Considerações finais

Diante do exposto, cabe refletir que em um Estado Laico, não cabe que as religiões, seja ela uma religião de maioria ou minoria da população, legisle sobre a vida da totalidade dos cidadãos. Isso não quer dizer que as religiões não possam se posicionar, a favor ou contra a descriminalização do aborto. Contudo, a elas orientarem seus fieis e não legislarem sobre o Estado. A elas cabe o púlpito, não o Parlamento. Ao fazer isso, as religiões usurpam um direito que não lhes cabe e como cidadãs e cidadãos cabe à nós, sociedade civil, questionarmos a ingerência das religiões em sua tentativa de legislar sobre os corpos das mulheres.

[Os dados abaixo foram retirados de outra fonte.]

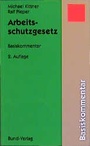 Bild: Arbeitsschutzgesetz - Bund-Verlag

Outro aspecto que não se pode negligenciar diante da temática da vida é que, independentemente do começo, ela tem uma duração. É preciso construir políticas públicas e é preciso a mobilização da sociedade diante do escândalo da pobreza, da precariedade dos serviços públicos de saúde, do descaso com a educação básica e superior. A parcialidade da defesa da vida de grupos neoconservadores é um atentado à inteligência e um desserviço às cidadãs e cidadãos socialmente mais vulneráveis.

Às religiões ao que cabe às religiões. Ao Estado o que cabe ao Estado.


Referências

KIKUCHI, Priscila. “PELO SAGRADO DIREITO DE DECIDIR”: A CONTRIBUIÇÃO DE CATÓLICAS PELO DIREITO DE DECIDIR NAS DISCUSSÕES SOBRE LAICIDADE, DIREITOS REPRODUTIVOS E DESCRIMINALIZAÇÃO DO ABORTO NO BRASIL. Dissertação de Mestrado realizada pelo Programa de Pós-Graduação em Ciências da Religião da Universidade Metodista de São Paulo. Defendida em março de 2014.

GRUPO DE MULHERES CATÓLICAS É CONTRA PEC QUE PREVÊ O FIM DO ABORTO LEGAL NO BRASIL.